Soal 'Jilboobs' yang Ramai Digunjingkan, Imam Masjid Istiqlal: Jilbab itu 4T

Jakarta - Akhir-akhir ini fenomena 'jilboobs' atau jilbab seksi yang memperlihatkan lekuk tubuh perempuan menjadi pergunjingan. Soal ini sampai dibahas di media sosial dan forum internet, 'jilboobs' menjadi olok-olok. Tentu saja, fenomena ini disayangkan karena bisa menjelekkan Islam.

Imam besar Masjid Istiqlal Musthofa Ali Yakub pun punya pandangan soal cara berjilbab yang benar. Seharusnya mereka yang berjilbab mengikuti syariah dan bukan malah untuk main-main untuk fashion saja.

"Sepertinya jilbab merupakan budaya. Yang penting untuk jilbab itu 4T: tempat tutup aurat, tidak transparan, tidak tembus pandang, dan tidak menyerupai lawan jenis," jelas Musthofa di Jakarta, Rabu (6/8/2014).

Apapun bentuk kerudungnya jilbab atau hijab yang dipakai diserahkan kepada perempuan yang memakainya. Yang penting, lanjut Musthofa jangan sampai melewati apa yang dia sebut 4T itu.

"Adapun bentuk jilbab kerudung terserah seperti apa, asalkan 4T," tutup dia.

Fenomena 'Jilboobs' di Kalangan Remaja yang Merebak Jadi Perhatian Serius KPAI


Jakarta - Fenomena jilbab atau kerudung gaul kini tengah mewabah. Namun ada sisi yang disoroti Komisi Perlindungan Anak Indonesia (KPAI) yakni soal 'jilboobs'. Apa itu?

Jilboobs ini yakni berpakaian jilbab atau mengenakan kerudung tetapi menampakan lekuk tubuhnya. Mereka yang memakai jilbab tapi tampak seksi. Bahkan kadang di sejumlah forum internet atau media sosial mereka yang memakai 'jilboobs' ini menjadi bahan olok-olokan.
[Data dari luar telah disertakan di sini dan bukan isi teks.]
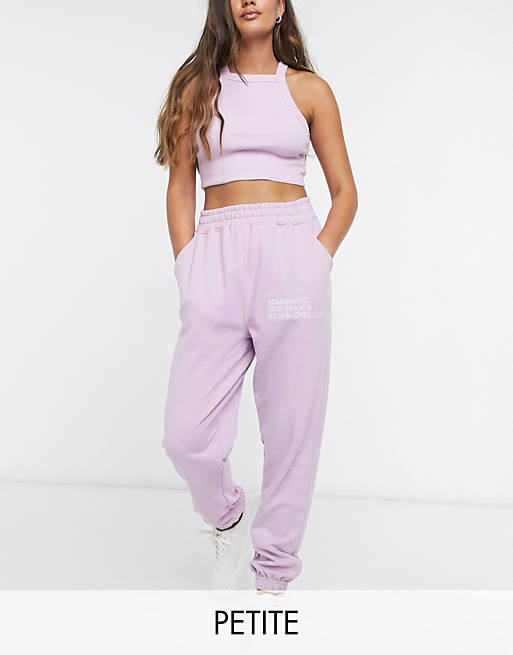 Petite oversized embroidered sweatpants in lilac part of a set | ASOS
"Hakekat jilbab itu untuk kepentingan menutup aurat. Di samping sebagai bentuk kepatuhan beragama, juga mmiliki manfaat sosial kemasyarakatan. Sungguhpun memakai pakaian, tetapi tetap menonjolkan lekuk tubuh, termasuk juga jenis pakaian tembus pandang, itu tetap tidak memenuhi standar kewajiban. Baik digunakan untuk laki-laki maupun perempuan," kata Ketua KPAI Asrorun Niam dalam keterangannya, Rabu (6/8/2014).

Doktor hukum Islam yang juga pengurus MUI ini juga menyampaikan, ketentuan aurat itu, di samping kewajiban menutup anggota yang wajib ditutup, juga tidak menonjolkan bentuk dan lekuk tubuh, baik karena tipis maupun karena ketat.
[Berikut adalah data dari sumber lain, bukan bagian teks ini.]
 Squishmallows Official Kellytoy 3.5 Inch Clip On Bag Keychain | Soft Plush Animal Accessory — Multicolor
"Termasuk para pengusaha garmen dan desainer. Untuk memahami utuh agar mendesain pakaian yang bagus, modis tapi tetap memperhatikan aspek kepatutan dan kepatuhan," jelas dia.

"Jangan berkontribusi untuk meningkatkan kriminalitas dengan desain pakaian yang dipakai tetapi tetap mengeksploitasi lekuk tubuh. Memakai pakaian tetapi seperti telanjang," tutup dia.